Les rapaces mangent seuls sans que le père et la mère soient obligés de leur donner la becquée ; aussi, le plus souvent ceux-ci se contentent d’aller chercher la proie et de la déposer sur le bord du nid. L’ornithologiste, en visitant chaque jour le nid, peut donc se rendre compte de la nourriture habituelle de la famille, et c’est ce que j’ai fait bien des fois.
Je connais un vieux charbonnier qui a souvent vécu du gibier et du poisson qui était destiné aux petits des oiseaux de proie.
En visitant, en 1864, un nid d’autour, j’ai trouvé au centre quatre jeunes, et sur les bords un cuissot de levraut, la moitié d’une brème qui avait pu peser 700 grammes, une perche de 500 grammes, une grive, deux fauvettes et trois bruants jaunes. Comme ce nid était dans un bois qui m’appartient, je dis au garde de revenir le lendemain avec son fusil et de tuer le père et la mère ; mais, le jour même, un dénicheur vint chercher les quatre jeunes.
J’ai trouvé cinq perdreaux près d’un nid de busard Saint-Martin ; dans nos pays, on le nomme chasse-alouette et chasse-perdrix.
Des oiseaux nuisibles, tous ne le sont pas au même degré ; de ce fait voici un exemple :
Les poissons sont assurément très-importants comme substance alimentaire, mais, comme travailleurs et comme artistes, ils me semblent bien inférieurs aux oiseaux. Jamais l’aquarium ne détrônera la cage. De plus, les poissons sont d’une fécondité prodigieuse ; à ce titre, ils ont besoin d’une élimination d’autant plus grande.
On a compté jusqu’à sept cent mille œufs dans une carpe d’un kilogramme.
Le faucon-pêcheur est donc moins nuisible que celui qui fait la chasse aux oiseaux.
Il importe beaucoup de déterminer les caractères de l’oiseau nuisible ; car il est considéré par la loi comme un ennemi de l’homme qui, vis-à-vis de lui, est censé être dans le cas de légitime défense. Alors toutes les barrières de la police de chasse s’abaissent ; on peut, sur son terrain, en tout temps, sans permis de chasse, tuer l’oiseau de proie et même le dénicher.
Il est encore des départements dans lesquels on donne des primes pour sa destruction.

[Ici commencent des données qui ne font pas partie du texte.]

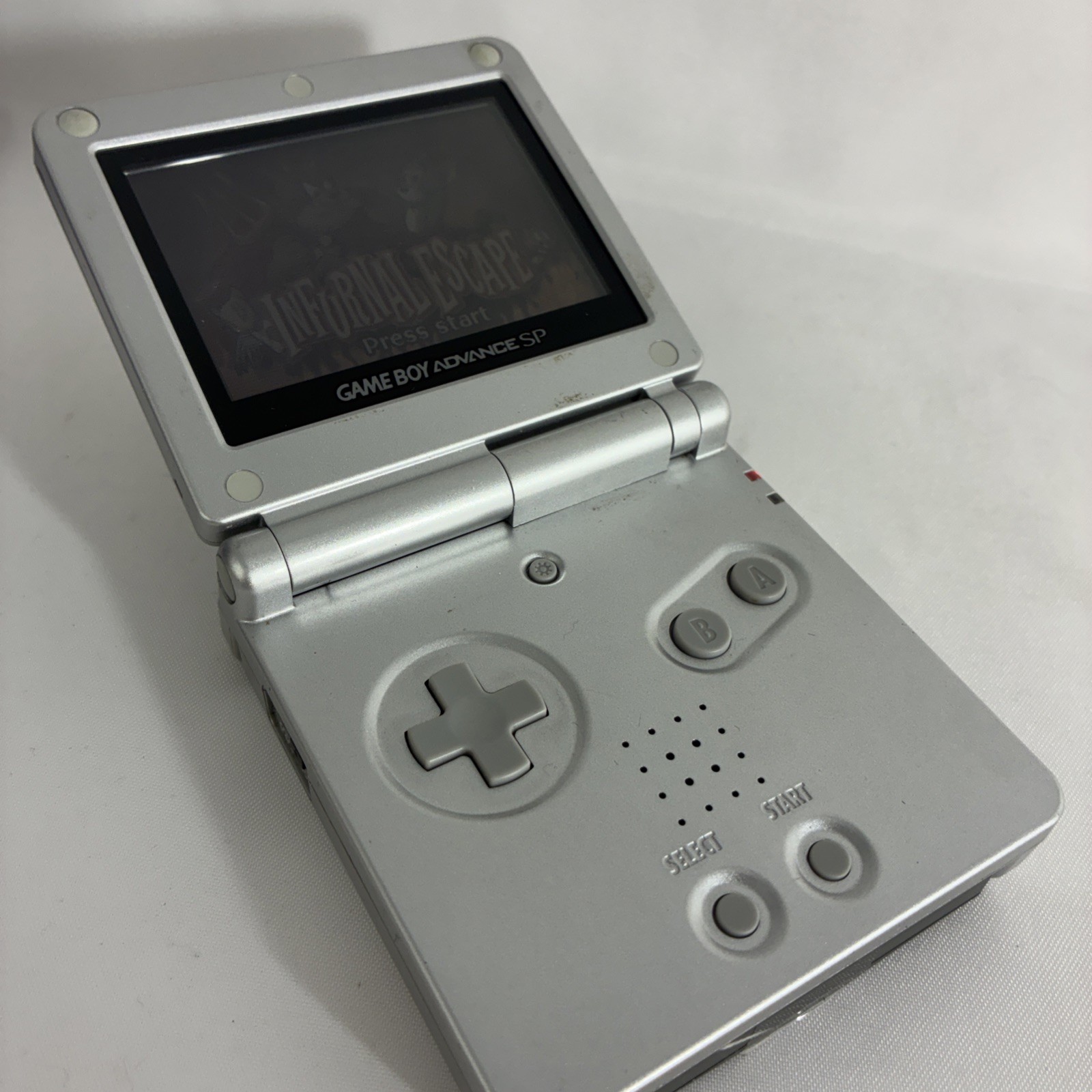 Nintendo Game Boy Advance SP Platinum Silver Handheld Console AGS-001 GBA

Ne pouvant, dans une étude aussi restreinte, exposer en détail les questions relatives aux oiseaux nuisibles, j’ai au moins voulu établir qu’actuellement, et à l’égard de certaines espèces de rapaces, nous avons un droit très-étendu de destruction, sans que jamais cependant nous cherchions à les faire complétement disparaître.
Mais le législateur sait bien que, malgré toutes les permissions qu’il accorde, ces espèces se laissent rarement anéantir ; une seule, celle du grand-duc, qui de tout temps et chaque année élevait une famille dans les roches du Foulon, entre Chamarandes et Verbiesles, a, depuis 1831, cessé de faire partie de nos oiseaux sédentaires.
- ↑ La plupart des hérons que l’on tue sont d’une maigreur excessive. Buffon, annoté par Flourens, t. VIII, p. 62.
Par sa maigreur, il dit que le Carême, pour lui, dure douze mois par an. Toussenel, Monde des oiseaux, pr. 321.
Sa chair est immangeable. Toussenel, id., p. 321.
Sa chair a une odeur huileuse et paludéenne. Vicomte de Dax, Journal des chasseurs, année 1861.